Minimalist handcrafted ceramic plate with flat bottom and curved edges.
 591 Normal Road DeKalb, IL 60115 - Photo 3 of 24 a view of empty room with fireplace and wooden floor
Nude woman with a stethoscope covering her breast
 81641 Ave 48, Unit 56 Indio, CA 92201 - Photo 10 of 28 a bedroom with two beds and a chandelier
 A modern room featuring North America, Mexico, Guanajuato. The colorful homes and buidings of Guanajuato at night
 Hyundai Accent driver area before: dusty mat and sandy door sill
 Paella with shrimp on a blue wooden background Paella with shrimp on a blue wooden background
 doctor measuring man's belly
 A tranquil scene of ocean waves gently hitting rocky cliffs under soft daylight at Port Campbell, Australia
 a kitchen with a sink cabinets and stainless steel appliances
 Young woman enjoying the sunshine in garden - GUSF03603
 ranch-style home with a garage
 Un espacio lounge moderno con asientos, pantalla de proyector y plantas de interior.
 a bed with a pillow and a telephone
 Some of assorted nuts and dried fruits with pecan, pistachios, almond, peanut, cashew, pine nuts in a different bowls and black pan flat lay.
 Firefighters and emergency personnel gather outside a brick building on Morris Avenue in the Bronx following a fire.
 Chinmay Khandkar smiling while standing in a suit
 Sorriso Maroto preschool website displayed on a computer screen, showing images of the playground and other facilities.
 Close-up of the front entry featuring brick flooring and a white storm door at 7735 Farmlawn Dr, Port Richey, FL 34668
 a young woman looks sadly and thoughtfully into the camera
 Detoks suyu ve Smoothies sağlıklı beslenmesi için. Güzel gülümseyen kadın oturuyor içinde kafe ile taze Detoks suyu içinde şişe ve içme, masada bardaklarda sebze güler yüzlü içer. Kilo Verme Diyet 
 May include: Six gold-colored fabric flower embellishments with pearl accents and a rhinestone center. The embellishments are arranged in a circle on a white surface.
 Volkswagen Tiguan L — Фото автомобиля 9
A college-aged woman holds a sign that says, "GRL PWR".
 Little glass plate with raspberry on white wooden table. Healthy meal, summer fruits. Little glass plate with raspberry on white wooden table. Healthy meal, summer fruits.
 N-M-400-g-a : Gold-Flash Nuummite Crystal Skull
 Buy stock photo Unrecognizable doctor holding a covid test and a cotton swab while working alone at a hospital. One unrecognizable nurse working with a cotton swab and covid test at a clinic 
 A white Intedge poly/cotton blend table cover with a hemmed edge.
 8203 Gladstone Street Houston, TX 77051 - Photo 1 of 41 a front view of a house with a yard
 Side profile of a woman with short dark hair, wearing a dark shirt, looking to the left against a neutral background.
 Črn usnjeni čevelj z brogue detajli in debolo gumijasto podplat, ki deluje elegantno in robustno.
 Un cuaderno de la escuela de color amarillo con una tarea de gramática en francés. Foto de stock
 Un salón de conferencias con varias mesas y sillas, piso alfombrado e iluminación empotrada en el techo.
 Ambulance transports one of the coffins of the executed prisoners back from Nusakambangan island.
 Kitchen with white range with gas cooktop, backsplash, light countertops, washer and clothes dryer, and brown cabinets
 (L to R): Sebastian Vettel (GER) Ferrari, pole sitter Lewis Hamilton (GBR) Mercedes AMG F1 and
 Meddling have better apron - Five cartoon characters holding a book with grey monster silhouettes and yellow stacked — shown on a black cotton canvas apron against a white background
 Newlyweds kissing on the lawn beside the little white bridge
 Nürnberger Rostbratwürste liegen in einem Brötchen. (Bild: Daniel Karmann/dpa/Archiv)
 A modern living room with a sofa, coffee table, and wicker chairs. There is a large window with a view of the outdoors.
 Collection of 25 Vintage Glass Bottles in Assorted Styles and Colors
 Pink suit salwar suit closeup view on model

> **Assigned task**: Within the listing above, work out how many lines contain the string "black", and reply with that number only.

> **Output for this exercise**: 2